Because … Bacon

This has been Bill E. Stitt’s year. A high-on-the-hog kind of year.

The founder and owner of Bill-E’s Small Batch Bacon and Bill-E’s the Restaurant, both in Fairhope, was recognized as a Silver Retailer of the Year by the Alabama Retail Association (sales $1 million to $5 million annually; Stitt says these numbers apply independently to his bacon company and his restaurant). 

He was named Alumnus of the Year in the School of Applied Sciences (Nutrition and Hospitality Management Program) at the University of Mississippi. Three major shippers and a solid online presence have allowed him to steadily grow his bacon business, putting more slices in homes and restaurants across the country. Bill-E’s the Restaurant is hopping and has become another Gulf Coast destination. And he’s even added dedicated spaces for creatives to work right in the middle of the sprawling, rustic, smoked meat-scented compound that is home to both the bacon business and his restaurant.

I sat down with Bill-E recently for Alabama NewsCenter. You can read that story here and see a cool video by my partner Brittany Faush.

After weathering Covid disruptions and a couple of hurricanes, Stitt says he was ready for a good year.

“This industry is a choice. It’s just something that grabs a hold of you, and you go through times where you’re just like, ‘How am I going to make payroll? How am I gonna pay the rent?’ It’s very trying, but it’s a wonderful industry. I don’t go to bed at night or wake up in the morning doubting what I do. This year and last year have brought some really interesting, fun opportunities.”

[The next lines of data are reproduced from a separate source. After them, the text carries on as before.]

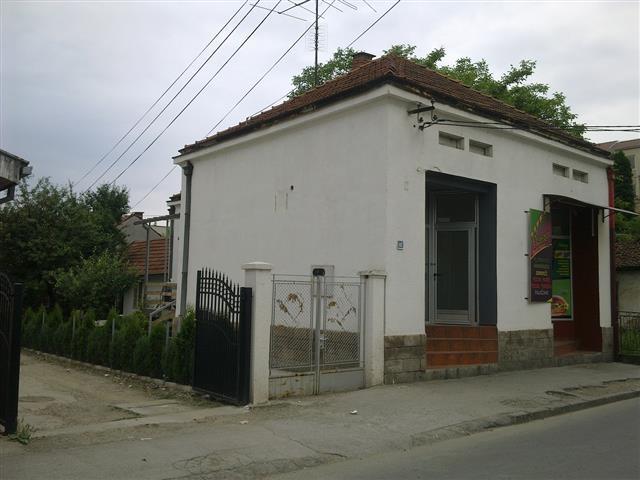 HITNO KUCA u strogom centru GRADA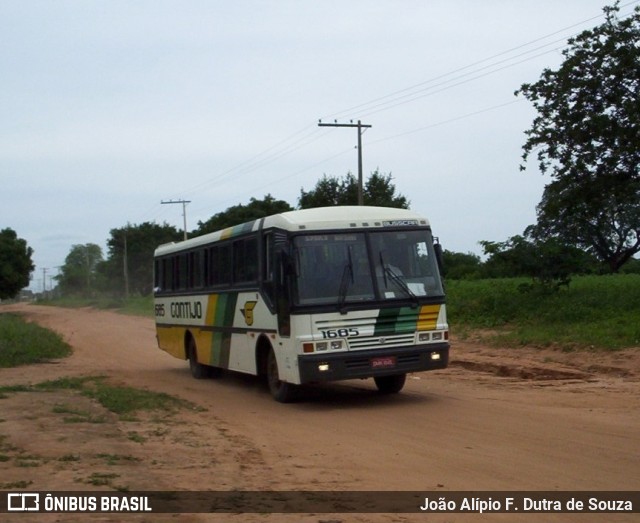 Empresa Gontijo de Transportes 1685 na cidade de Manga, Minas Gerais, Brasil, por João Alípio F. Dutra de Souza. Número da foto: #11764539.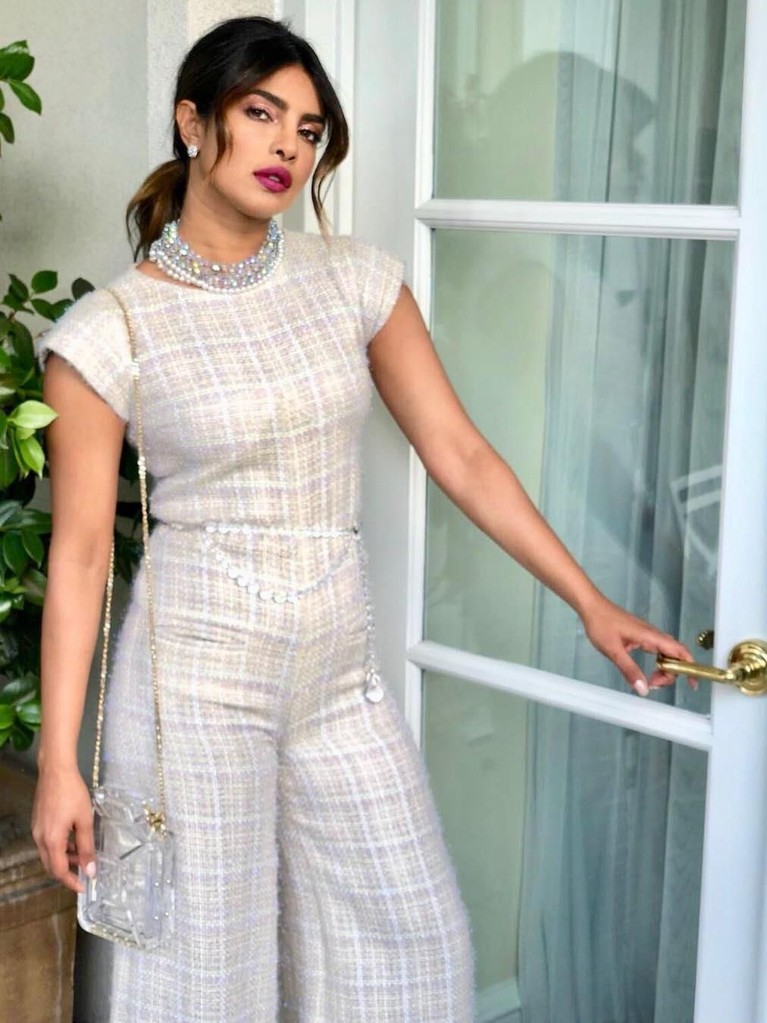 Intip Pesona Priyanka Chopra Jelang Pernikahannya Priyanka Chopra dan Nick Jonas akan melangsungkan pernikahan di India. Insertizen mau tahu pesona Priyanka yang bikin Nick jatuh hati ?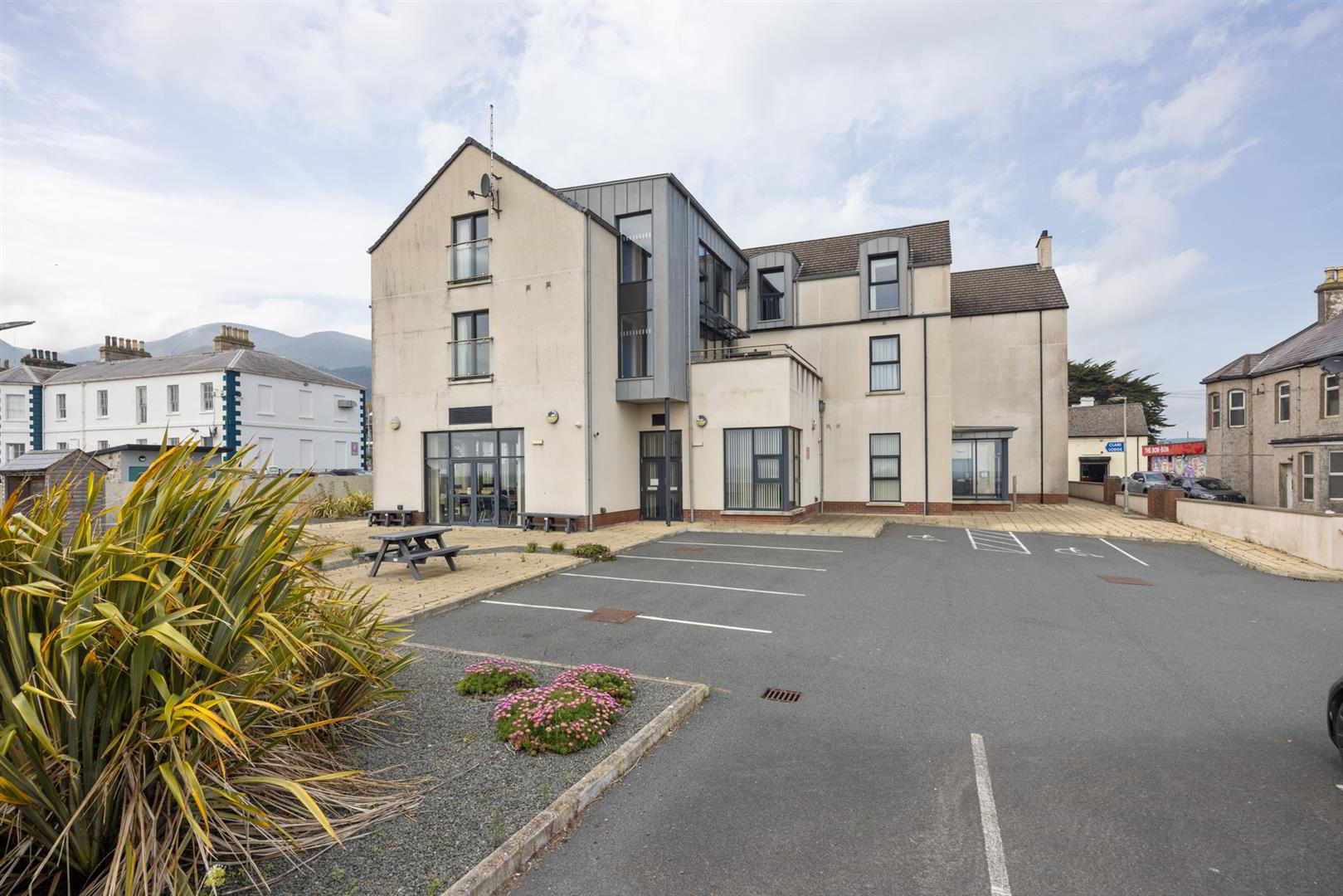 Clare Lodge, 3 Castle Place 3 of 62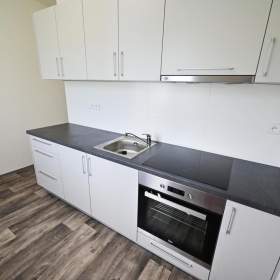 Foto inzerátu Prodej bytu 2+1 po kompletní rekonstrukci, 53 m², Ostrava-Zábřeh, ul. Jižní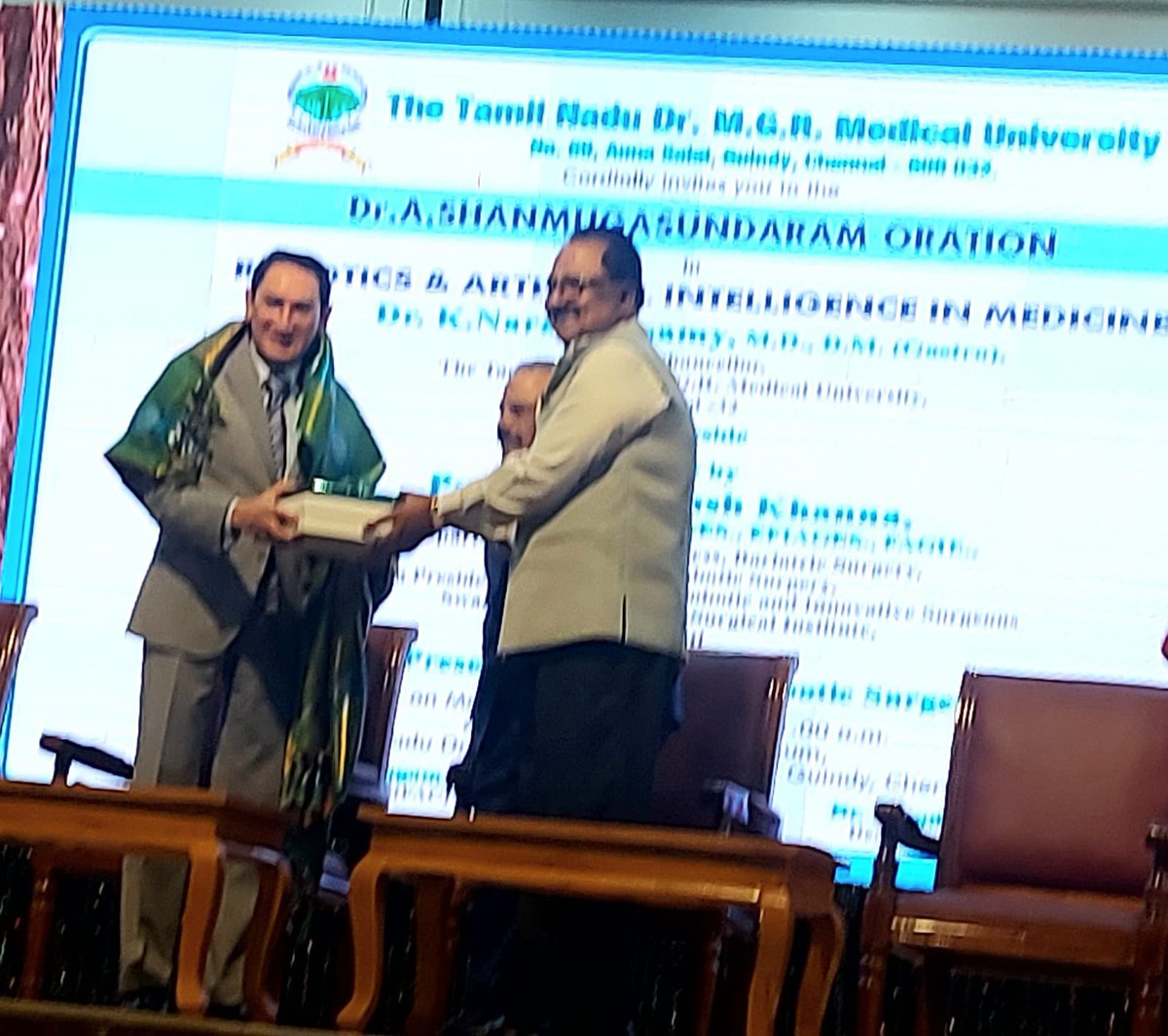 prof_skhanna's tweet photo. Happy to share ..

delivered 

Dr. A. Shanmugasundaram Oration on Robotics &amp; Artificial Intelligence in Medicine at Tamil Nadu Dr. M.G.R. Medical University*,
Thrilled to have been part of a momentous occasion at the university and sharing my thoughts with over 800 enthusiastic https://t.co/tTPHiPZ7C1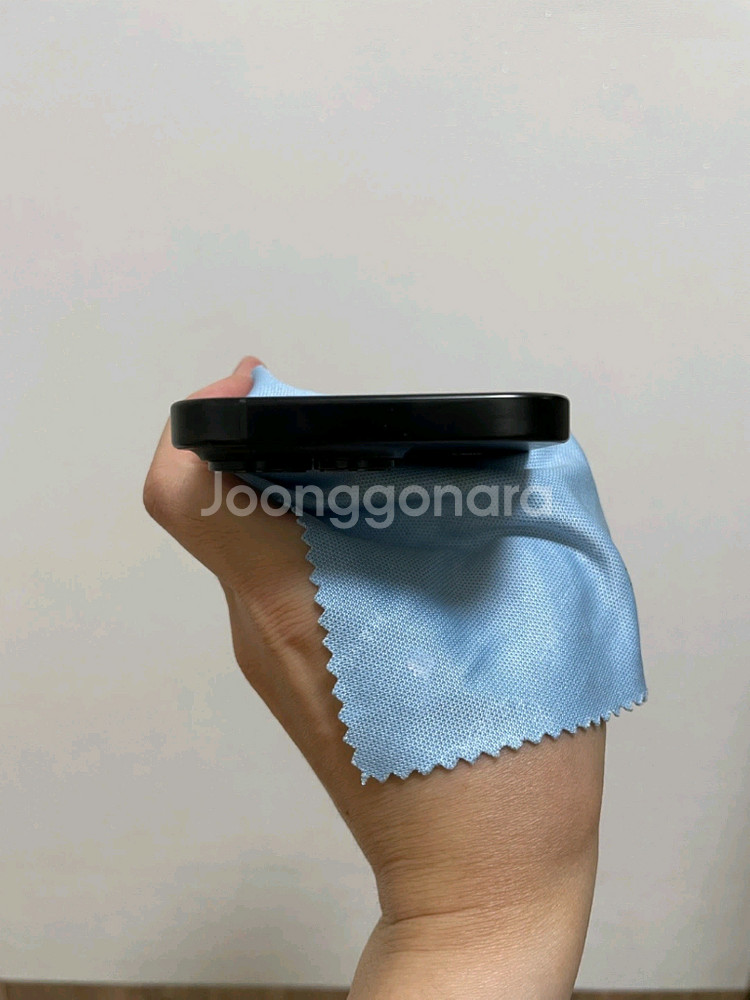 아이폰16 프로 스페이스블랙 256g 팝니다.--7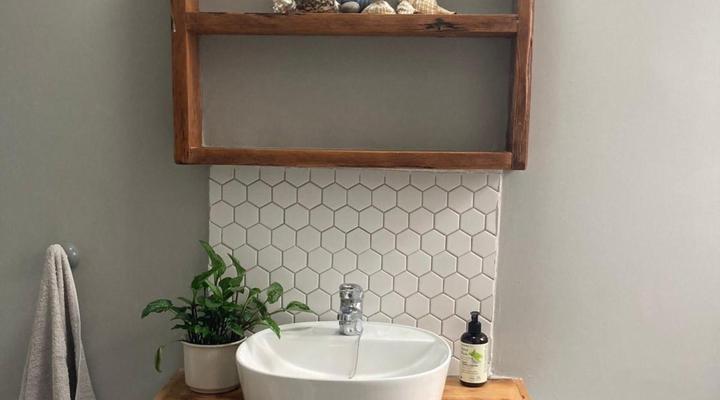 Tranquil Garden Cottage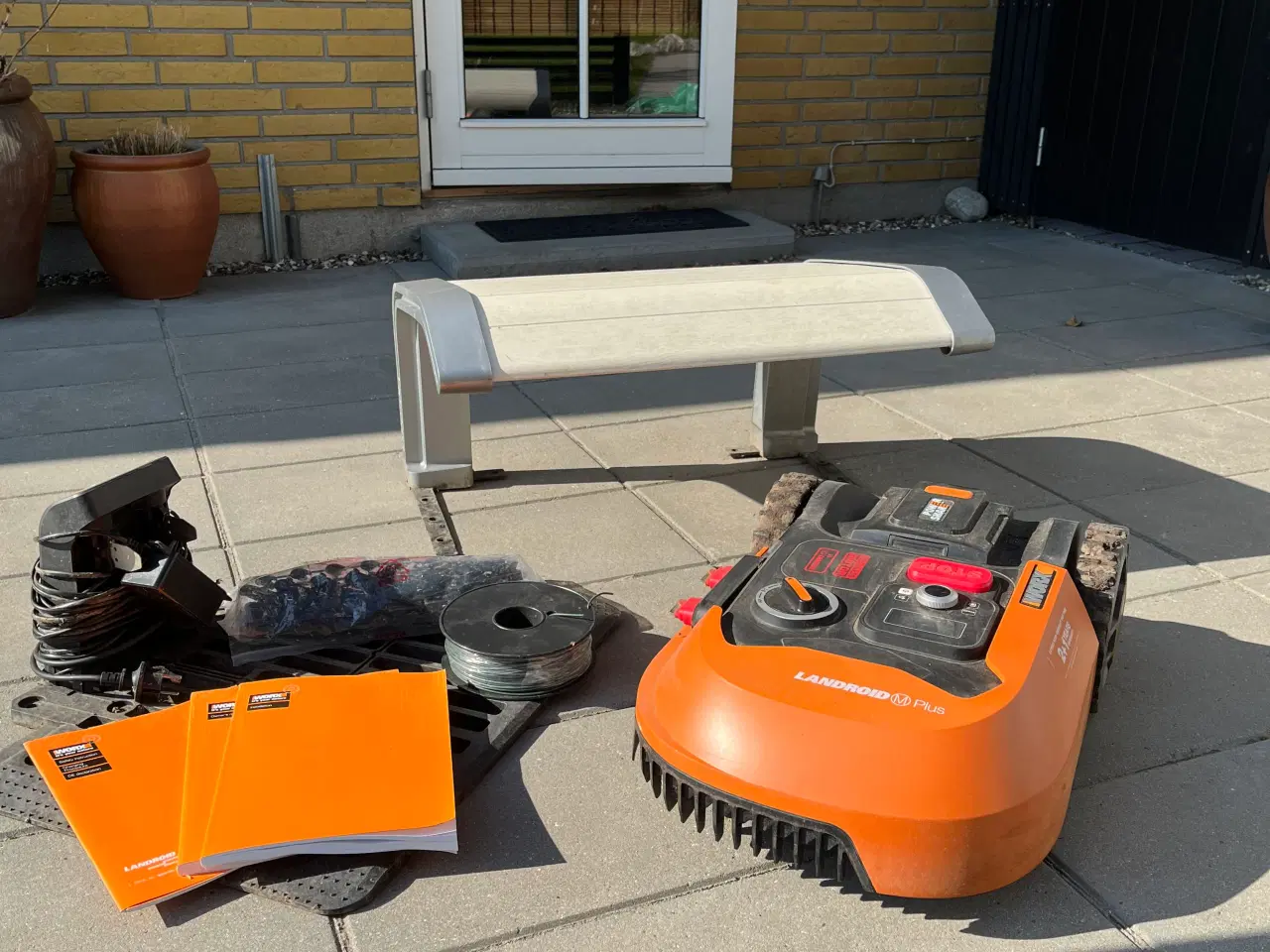 Billede 1 - Worx Landroid robotplæneklipper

Known to friends old and brand new as “Bill E.” (that’s “E for Ernest” but the other spelling seems apt, too), this Alabama maker and restaurateur is happy to share his momentum by promoting other makers and their products from Alabama and neighboring states. 

He regularly uses Dr. Bill’s Cane & Maple Syrup on the gourmet charcutière boards he’s quickly becoming known for creating. He calls them Bill-E’s Boards and works with his daughter, Helen Hanson, to make them. They generally are small, medium and large, but Stitt is not afraid to go really big. “They should be the focal point of your gathering,” he says. During the holidays, he and his daughter created a 12-foot grazing table at an elegant home on Mobile Bay. The impressive spread featured 10 different artisan cheeses; eight kinds of select meats; dips; Italian caponata on artichoke bottoms; pickles; fruits; nuts; jams; deviled eggs; candied cranberries that looked like they had been dusted with snow; a large Spanish ham on a holder with a Bill-E’s-branded knife for slicing; and, of course, Bill-E’s bacon cut into savory, bite-size chunks. Circling back to the syrup, Stitt says that Dr. Bill is a real doctor in New Orleans. “He’s a pediatric orthopedic surgeon, and his syrup is fortified with Vitamin D. So, it’s good for you.”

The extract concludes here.